▶ What is expected
Below are some records. Write out the lines from the one containing "25FW 꼼데가르송 컬러블록" to the last line, word for word, leaving out pictures.

▶ Extracted information

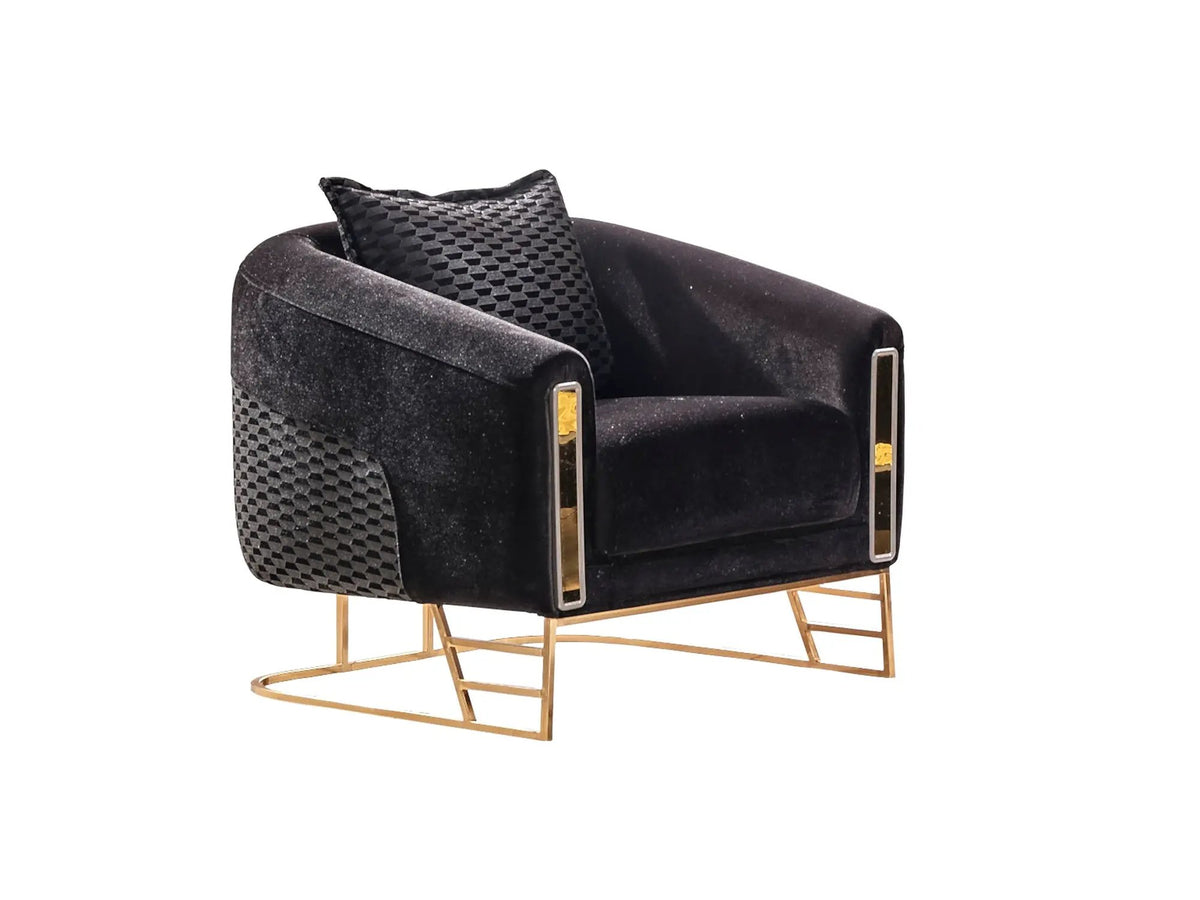 Fabric Armchair | Carved Wooden Armrests | Metal Frame | Gold Accents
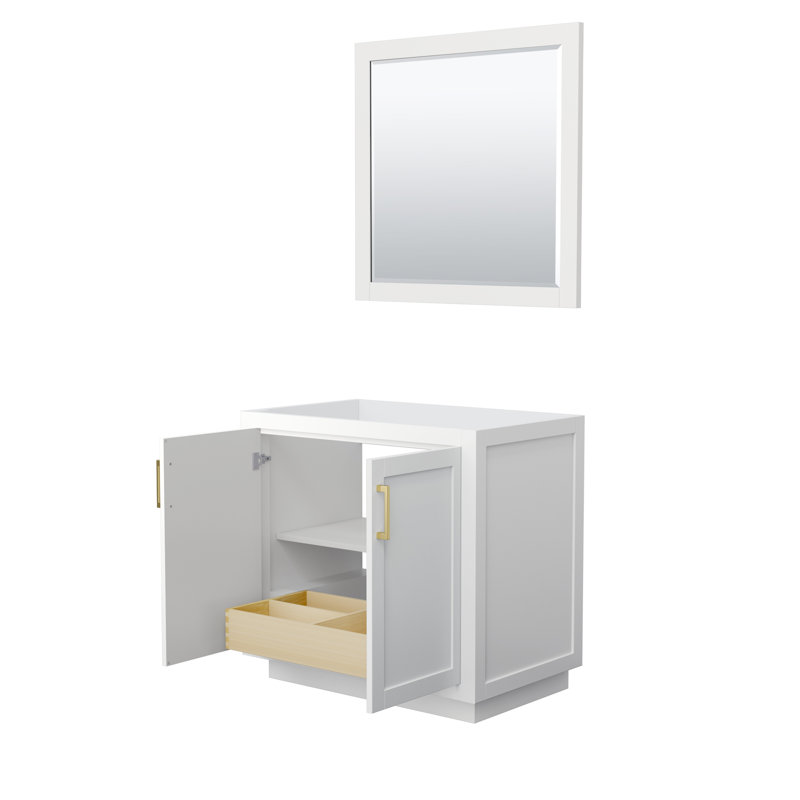 Base de meuble-lavabo simple autoportante 35,25 po Miranda avec miroir 34 po Miranda, Blanc/or brossé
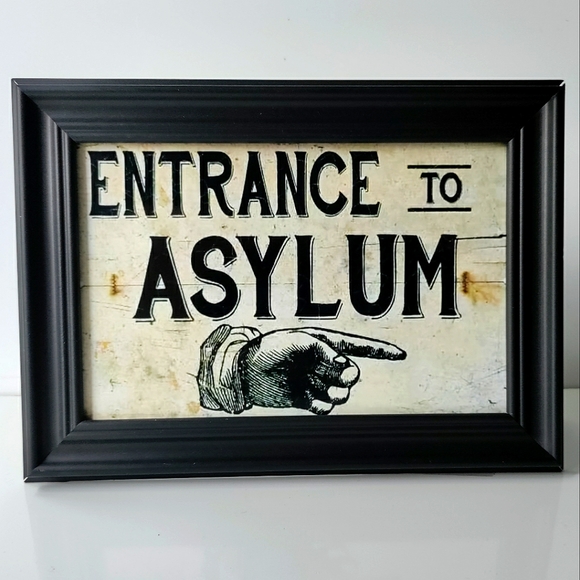 Insane Asylum Halloween Gothic Dark Memento Halloeedn Funny Sign Homd Dd Decor - Picture 2 of 4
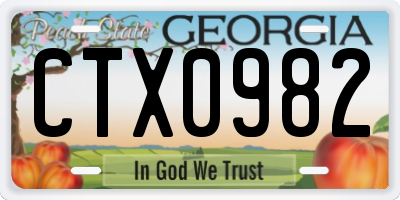 GA license plate CTX0982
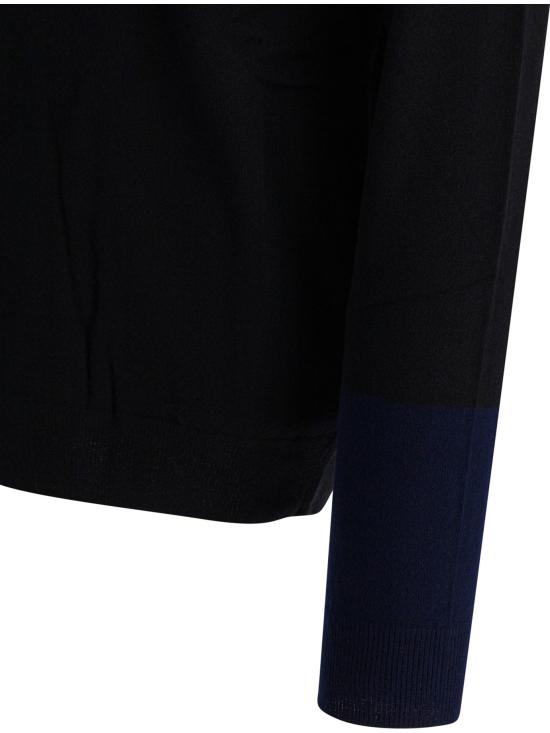 25FW 꼼데가르송 컬러블록 스웨터 FZ N112 PER1 BLACK NAVY - COMME DES GARCONS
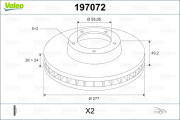 197072 VALEO brzdový kotúč 197072 VALEO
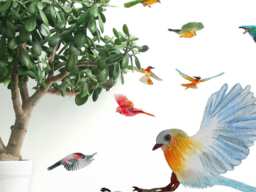 Wall Decals Birds Flying 10-Set, Bird For Walls, Furniture, Ceramic Tiles, Bathroom Kitchen Living Room Stickers - thumbnail 1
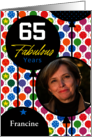 65th Birthday Colorful Floating Balloons With Stars And Dots card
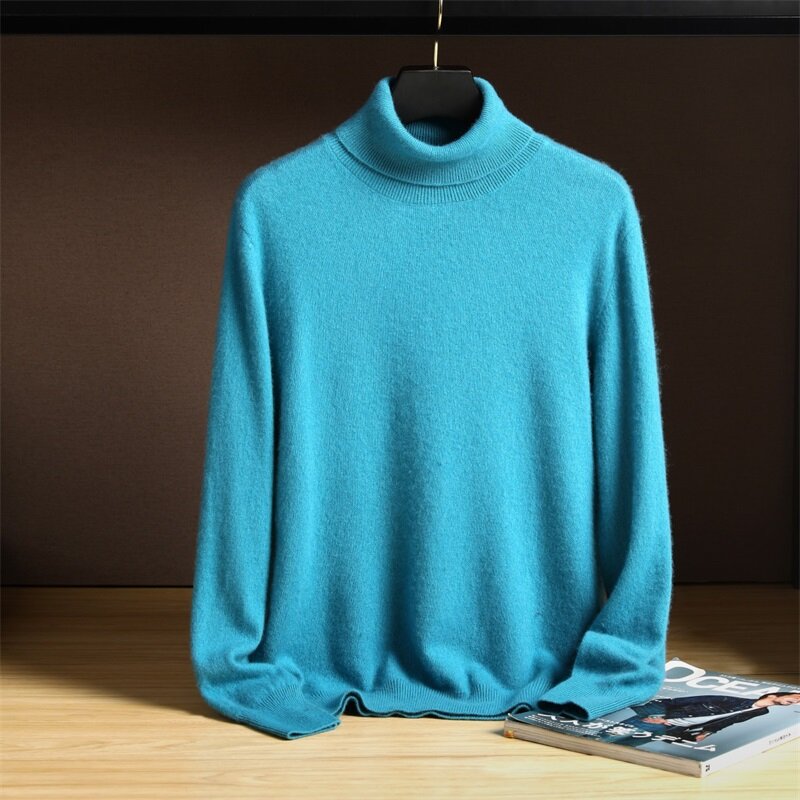 Men's Sweater, Loose Jumper, Long Sleeves, New Autumn/Winter 22, Pure Knit Sweater, Half Turtleneck, Solid Color, Loose Base Top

▶ Result of this task
 25FW 꼼데가르송 컬러블록 스웨터 FZ N112 PER1 BLACK NAVY - COMME DES GARCONS
 197072 VALEO brzdový kotúč 197072 VALEO
 Wall Decals Birds Flying 10-Set, Bird For Walls, Furniture, Ceramic Tiles, Bathroom Kitchen Living Room Stickers - thumbnail 1
 65th Birthday Colorful Floating Balloons With Stars And Dots card
 Men's Sweater, Loose Jumper, Long Sleeves, New Autumn/Winter 22, Pure Knit Sweater, Half Turtleneck, Solid Color, Loose Base Top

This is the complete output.